SA is at the forefront of efforts to create a motor industry spanning Sub-saharan Africa. Former trade & industry minister Alec Erwin, with government’s blessing, is advising other countries on automotive policy. The Sa-based African Association of Automotive Manufacturers (AAAM) is co-ordinating industry efforts to encourage pan-african development.
Volkswagen SA (VWSA), having already set up assembly joint ventures in Kenya and Rwanda, recently signed statements of intent to do the same in Nigeria and Ghana, and has its eyes on
Ethiopia. Nissan SA MD Mike Whitfield says: “A number of companies are looking at pilot projects in different locations.”
Toyota SA MD Andrew Kirby says: “We are exploring a number of options.”

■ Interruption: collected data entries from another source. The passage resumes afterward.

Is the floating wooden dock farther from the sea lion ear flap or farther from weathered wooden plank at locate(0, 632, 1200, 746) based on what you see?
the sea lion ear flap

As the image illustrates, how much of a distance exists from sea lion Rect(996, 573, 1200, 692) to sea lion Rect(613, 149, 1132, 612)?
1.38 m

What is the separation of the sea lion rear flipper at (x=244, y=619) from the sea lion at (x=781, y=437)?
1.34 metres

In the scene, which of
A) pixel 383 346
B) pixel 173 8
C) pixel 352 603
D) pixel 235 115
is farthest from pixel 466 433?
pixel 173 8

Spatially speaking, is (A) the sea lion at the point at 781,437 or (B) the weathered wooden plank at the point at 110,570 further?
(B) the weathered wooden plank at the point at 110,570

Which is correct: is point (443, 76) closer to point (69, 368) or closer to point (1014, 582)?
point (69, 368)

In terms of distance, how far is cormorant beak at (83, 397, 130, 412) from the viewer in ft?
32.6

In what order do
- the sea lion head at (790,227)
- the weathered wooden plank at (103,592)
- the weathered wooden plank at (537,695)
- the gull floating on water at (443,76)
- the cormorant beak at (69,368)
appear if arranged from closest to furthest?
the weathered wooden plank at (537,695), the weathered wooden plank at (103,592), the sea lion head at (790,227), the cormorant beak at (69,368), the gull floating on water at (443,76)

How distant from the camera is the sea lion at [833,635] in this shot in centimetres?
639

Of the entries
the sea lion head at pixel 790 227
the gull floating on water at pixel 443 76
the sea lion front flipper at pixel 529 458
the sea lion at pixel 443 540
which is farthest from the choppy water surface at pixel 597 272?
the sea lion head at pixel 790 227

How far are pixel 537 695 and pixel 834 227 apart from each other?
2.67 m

Automotive Investment Holdings, which runs three small-scale assembly plants in SA for Asian motor companies, has been asked to look at copycat deals elsewhere, including Uganda and Namibia.

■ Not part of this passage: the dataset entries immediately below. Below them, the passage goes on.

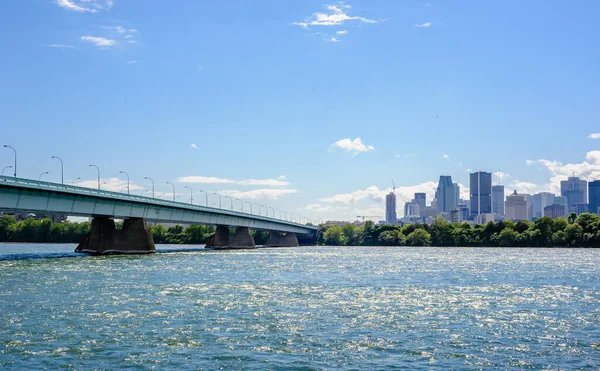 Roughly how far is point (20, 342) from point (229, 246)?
519ft

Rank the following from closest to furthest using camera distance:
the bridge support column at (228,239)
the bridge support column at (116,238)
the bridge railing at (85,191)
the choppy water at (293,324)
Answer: the choppy water at (293,324)
the bridge railing at (85,191)
the bridge support column at (116,238)
the bridge support column at (228,239)

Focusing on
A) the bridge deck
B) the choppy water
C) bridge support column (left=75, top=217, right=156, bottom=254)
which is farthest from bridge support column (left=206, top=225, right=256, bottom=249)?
the choppy water

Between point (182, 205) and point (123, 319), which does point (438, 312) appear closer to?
point (123, 319)

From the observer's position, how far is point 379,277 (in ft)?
239

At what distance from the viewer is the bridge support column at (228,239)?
185 metres

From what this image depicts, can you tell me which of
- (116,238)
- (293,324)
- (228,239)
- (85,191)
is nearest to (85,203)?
(85,191)

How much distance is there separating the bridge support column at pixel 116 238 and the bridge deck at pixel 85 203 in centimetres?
288

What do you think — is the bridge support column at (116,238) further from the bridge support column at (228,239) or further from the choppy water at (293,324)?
the choppy water at (293,324)

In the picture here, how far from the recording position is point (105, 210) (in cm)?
11356

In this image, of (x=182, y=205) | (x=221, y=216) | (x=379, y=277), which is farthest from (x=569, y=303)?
(x=221, y=216)

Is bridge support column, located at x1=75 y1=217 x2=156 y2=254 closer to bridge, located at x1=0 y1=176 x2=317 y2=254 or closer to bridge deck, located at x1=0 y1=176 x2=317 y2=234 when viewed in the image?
bridge, located at x1=0 y1=176 x2=317 y2=254

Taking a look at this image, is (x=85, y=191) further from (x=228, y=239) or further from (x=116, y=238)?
(x=228, y=239)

There are signs that African governments are prepared to step back from the protectionism that has stymied intra-regional cooperation. The recent signing of the African Continental Free Trade Agreement by members of the
SA LEADS THE WAY
African Union could unlock huge trade opportunities, if ratified.
Africa was tagged the Dark Continent by 19th Century European explorers because they considered it a place of mystery. These days, some business people call it the Final Frontier — the world’s last unconquered market.

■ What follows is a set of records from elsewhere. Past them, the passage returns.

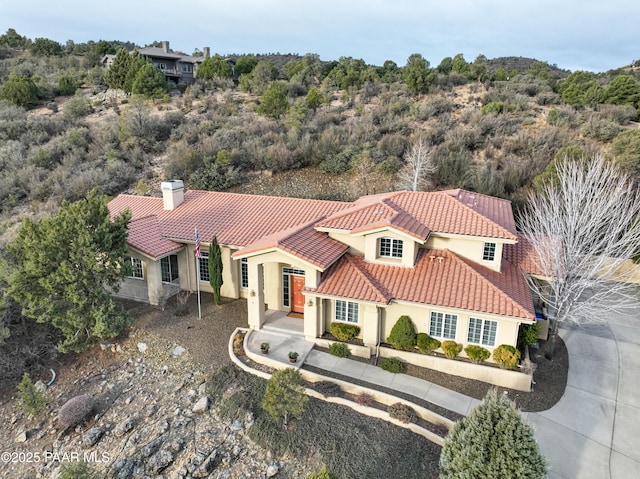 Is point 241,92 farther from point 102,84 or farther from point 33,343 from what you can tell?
point 33,343

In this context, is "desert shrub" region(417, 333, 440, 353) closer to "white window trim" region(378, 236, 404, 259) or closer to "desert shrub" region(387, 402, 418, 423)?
"desert shrub" region(387, 402, 418, 423)

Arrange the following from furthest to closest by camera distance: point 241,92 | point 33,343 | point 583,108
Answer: point 241,92 → point 583,108 → point 33,343

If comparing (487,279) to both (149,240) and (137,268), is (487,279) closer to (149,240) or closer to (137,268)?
(149,240)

This invincibility is not for want of trying. Motor companies have been building vehicles in SA for the best part of a century — not only for the local market but also in the hope that markets to the north would open up.
Masanori Katayama, president of Japanese truckmaker Isuzu, says the decision to buy out General Motors’ SA operations at the end of 2017 was driven by the desire to build vehicles for sub-saharan Africa. Chinese motor company BAIC gives the same reason for its decision to sink billions of rands into a brand-new vehicle assembly plant in the Eastern Cape.
Other, established companies have had a similar dream for decades. But it’s been a frustrated one.
Markets to the north of SA are dominated by used vehicles dumped by Japanese, European and North American exporters. Often imported illegally through porous borders, they are sometimes referred to as “grey imports”.
They include vehicles unsaleable anywhere else in the world. Martyn Davies, head of Deloitte’s African automotive division, revealed this year how cars submerged by the 2011 Japanese tsunami which wrecked the Fukushima nuclear plant were dried out and shipped to African customers unaware of their origin.
SA doesn’t allow the importation of used vehicles. That’s why, last year, the local industry sold over 550,000 new ones. The next biggest Sub-saharan market was Kenya, with fewer than 12,000. In Nigeria, with a population three times the size of SA’S, the number was below 10,000.
Nigeria is perhaps the best example of the challenges facing the motor industry in Africa. In the 1980s, it had a thriving industry producing over 200,000 vehicles annually. But lack of government commitment allowed it to atrophy and die.
In 2014, encouraged by multinational motor companies anxious to access a West African market with a bigger population than the US, Nigeria announced a new automotive strategy. Several motor companies set up joint ventures with local partners.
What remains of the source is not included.